Re: [PATCH 2/3] mm/zswap: Implement proactive writeback

From: Nhat Pham

Date: Tue May 12 2026 - 11:53:26 EST

On Tue, May 12, 2026 at 2:32 AM Hao Jia <jiahao.kernel@xxxxxxxxx> wrote:
>
>
>
> On 2026/5/12 03:57, Yosry Ahmed wrote:
> > On Mon, May 11, 2026 at 12:49 PM Nhat Pham <nphamcs@xxxxxxxxx> wrote:
> >>
> >> On Mon, May 11, 2026 at 3:52 AM Hao Jia <jiahao.kernel@xxxxxxxxx> wrote:
> >>>
> >>> From: Hao Jia <jiahao1@xxxxxxxxxxx>
> >>>
> >>> Zswap currently writes back pages to backing swap devices reactively,
> >>> triggered either by memory pressure via the shrinker or by the pool
> >>> reaching its size limit. This reactive approach offers no precise
> >>> control over when writeback happens, which can disturb latency-sensitive
> >>> workloads, and it cannot direct writeback at a specific memory cgroup.
> >>> However, there are scenarios where users might want to proactively
> >>> write back cold pages from zswap to the backing swap device, for
> >>> example, to free up memory for other applications or to prepare for
> >>> upcoming memory-intensive workloads.
> >>>
> >>> Therefore, implement a proactive writeback mechanism for zswap by
> >>> adding a new cgroup interface file memory.zswap.proactive_writeback
> >>> within the memory controller.
> >>
>
> Thanks Nhat, Yosry — let me address both comments together.
>
> >>
> >> We already have memory.reclaim, no? Would that not work to create
> >> headroom generally for your use case? Is there a reason why we are
> >> treating zswap memory as special here?
> >
>
> Apologies for the lack of detailed explanation in the patch description,
> which led to the confusion.
>
> While we are already utilizing memory.reclaim, it does not fully address
> our requirements.
>
> Our deployment runs a userspace proactive reclaimer that drives
> memory.reclaim based on the system's runtime state (memory/CPU/IO
> pressure, refault rate, ...) and workload-specific
> policy. That first stage compresses cold anon pages into zswap. Entries
> that then remain in zswap past a policy-defined age threshold are
> considered "twice cold", and the reclaimer wants
> to write them back to the backing swap device at a moment of its own
> choosing, to further reclaim the DRAM still held by the compressed data.
>
> This is the "second-level offloading" pattern described in Meta's TMO
> paper [1]. zswap proactive writeback is what this series introduces to
> address that second-level offloading stage.
>
> [1] https://www.pdl.cmu.edu/ftp/NVM/tmo_asplos22.pdf

Yeah that's what we've been trying to work on as well :) We are
working on a couple of improvements to the mechanism side of this path
(cc Alex) - hopefully it will help your use case too!

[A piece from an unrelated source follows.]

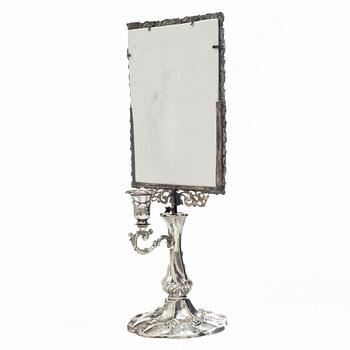 Christian Hammer, a silver liophane-screened reading-candlestick, Stockholm 1864.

Anyway, back to my original inquiry: I understand your use case. It's
pretty similar to our goal. What I'm not getting is why is
memory.reclaim (which you already use) not sufficient for zswap ->
disk swap offloading too?

Zswap objects are organized into LRU and exposed to the shrinker
interface. Echo-ing to memory.reclaim should also offload some zswap
entries, correct? Are there still cold zswap entries that escape this,
somehow?

Furthermore, we already have a way to detect the "twice cold" entries
you mentioned: the referenced bit. This is analogous to the way we
treat uncompressed pages.

>
>
> > +1, why do we need to specifically proactively reclaim the compressed memory?
> >
> > Also, if we do need to minimize the compressed memory and force higher
> > writeback rates, we can do so with memory.zswap.max, right?
>
> Here are a few reasons why memory.zswap.max is not enough:
>
> 1. Writing memory.zswap.max itself does not trigger any writeback
> immediately. For a memcg that has reached steady state (on which the
> userspace reclaimer is no longer invoking
> memory.reclaim), after enough time has passed, the reclaimer has no good
> way to trigger proactive writeback for second-level offloading by
> lowering memory.zswap.max, because in steady
> state nothing drives the zswap_store() -> shrink_memcg() path. The
> userspace reclaimer still has no control over when proactive writeback
> happens.
>
> 2. memory.zswap.max currently triggers zswap writeback via zswap_store()
> -> shrink_memcg(), and each over-limit event can write back at most
> NR_NODES entries. If zswap residency is far
> above memory.zswap.max, converging to the target size requires at least
> O(over-limit pages / NR_NODES) zswap_store() events, with no batching —
> proactive writeback therefore has
> significant latency.
>
> 3. memory.zswap.max is a stateful interface. If the userspace reclaimer
> crashes for any reason mid-operation, it may leave memory.zswap.max at
> some set value, putting the application in a
> persistently throttled bad state.
>
> 4. Once the userspace reclaimer has lowered memory.zswap.max, if the
> workload is rapidly expanding and triggers memory reclaim via
> memory.high / kswapd / etc., the actual amount written
> back can exceed what was intended.

One more reason: IIRC, when you set memory.zswap.max to a value other
than 0 max, every zswap store incurs a pretty expensive check
(obj_cgroup_may_zswap), which does a force flush
(__mem_cgroup_flush_stats). That was pretty expensive last time some
of our internal services played with it. So yeah, it's not ideal...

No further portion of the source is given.